Llama la atención, desde luego, que sir Doyle y su esposa hayan sido autoridades y numerarios importantes entre los “psíquicos”. Justamente quien creó al más popular de los detectives racionales y materialistas, cuyas novelas y relatos sacudieron el goticismo previo. Nunca apeló a un más allá, ningún misterio era más que un secreto.

En Divinos Detectives. Chesterton, Gramsci y otros casos casos criminales, Ramón del Castillo (Castillo, 2022) resalta el papel clave que ha cumplido Sherlock Holmes en la historia de la literatura de suspenso. El detective de Baker Street, junto con el padre Brown -la genial invención de G. K. Chesterton-, son grandes momentos del paso “del fantasma al cadáver” en la literatura. La novela enigma es materialista.
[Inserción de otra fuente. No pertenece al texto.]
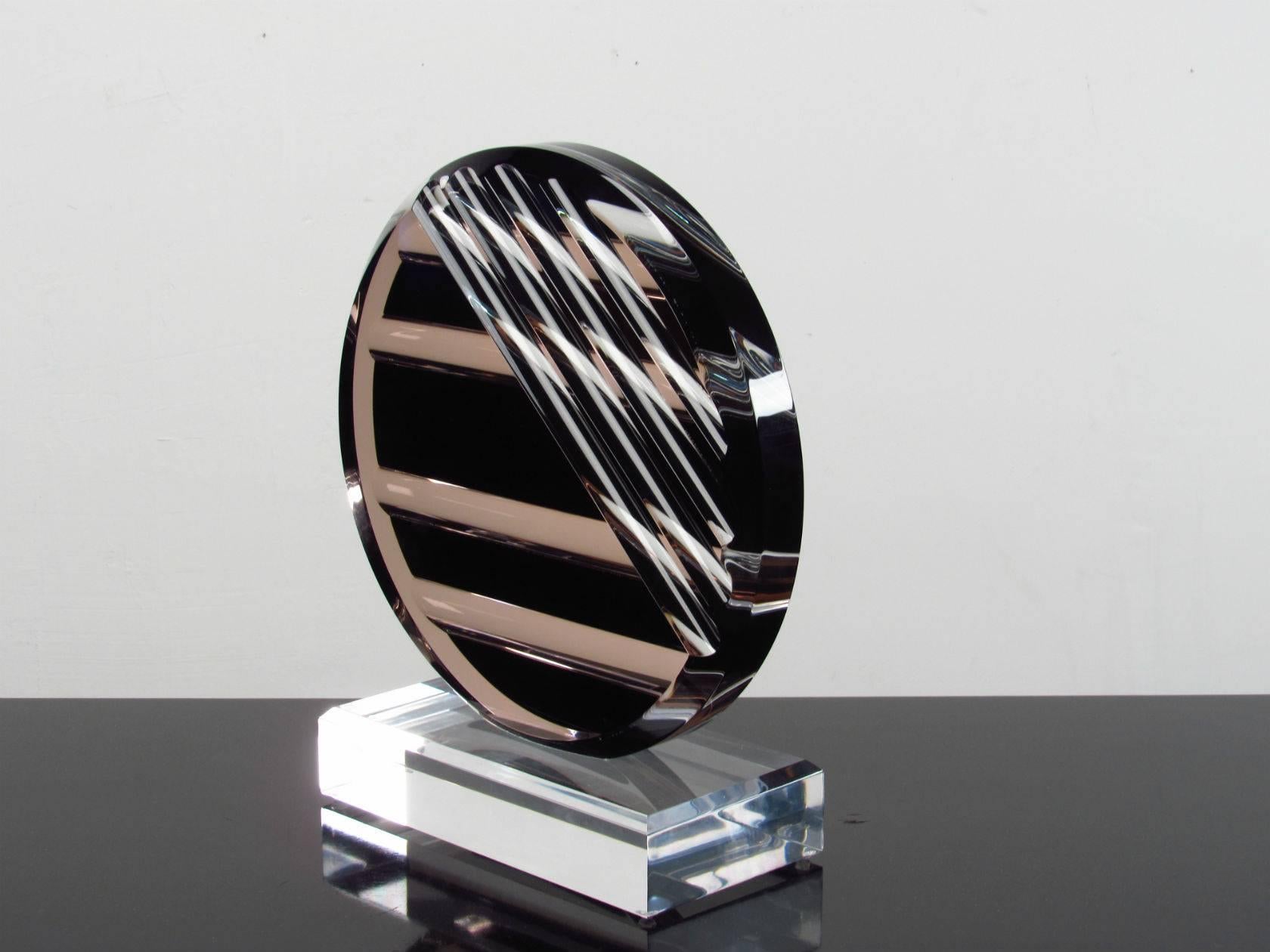 Lucite 1980s Abstract Modern Disc Sculpture.  Cool modern sculpture of thick carved lucite with geometric pattern.  Attribution to Schlomi Haziza.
La escisión del autor entre él y su personaje (aunque su conversión fue luego de haber creado y largado al ruedo a Sherlock) fue siempre materia de polémica. El Annotated Sherlock Holmes de William S. Baring Gould apenas menciona una vez en sus más de 1.500 páginas que su autor haya tenido tal credo. En cambio, Chesterton pensaba que esto ensalzaba la figura de Doyle, que tuvo la ética de no contaminar a su detective con sus propias creencias. Señala Ramón del Castillo que ambos expulsaron a los espectros de las historias: “Aunque cada uno creyera en cosas raras, milagros en un caso, espectros en el otro. Fue el propio Chesterton quien, en un escrito de 1936, alabó el gusto de Doyle por no contaminar las historias con sus creencias […] escribió El perro de los Baskerville desde un punto de vista materialista […] creó un ambiente sobrenatural para inducir a los lectores a creer en la existencia de algo que evidentemente no podía existir, pero lo hizo de una forma magistral […] si ya espiritista cuando escribió el cuento habría que felicitarle porque respetó las reglas del género y dejó que Holmes siguiera siendo materialista” (Del Castillo, 1922, p. 21).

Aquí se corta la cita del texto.